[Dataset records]
□ □ □ □

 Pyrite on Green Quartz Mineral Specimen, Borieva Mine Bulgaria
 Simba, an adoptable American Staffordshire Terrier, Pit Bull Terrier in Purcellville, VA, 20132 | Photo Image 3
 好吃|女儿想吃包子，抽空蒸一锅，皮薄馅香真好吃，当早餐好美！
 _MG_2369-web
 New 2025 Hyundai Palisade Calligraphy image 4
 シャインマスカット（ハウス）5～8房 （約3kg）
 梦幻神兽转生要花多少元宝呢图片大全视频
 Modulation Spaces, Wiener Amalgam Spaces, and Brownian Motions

□ □ □ □

WHAT TO WORK ON: Copy every record above exactly as it stands.

RESULT:
 Pyrite on Green Quartz Mineral Specimen, Borieva Mine Bulgaria
 Simba, an adoptable American Staffordshire Terrier, Pit Bull Terrier in Purcellville, VA, 20132 | Photo Image 3
 好吃|女儿想吃包子，抽空蒸一锅，皮薄馅香真好吃，当早餐好美！
 _MG_2369-web
 New 2025 Hyundai Palisade Calligraphy image 4
 シャインマスカット（ハウス）5～8房 （約3kg）
 梦幻神兽转生要花多少元宝呢图片大全视频
 Modulation Spaces, Wiener Amalgam Spaces, and Brownian Motions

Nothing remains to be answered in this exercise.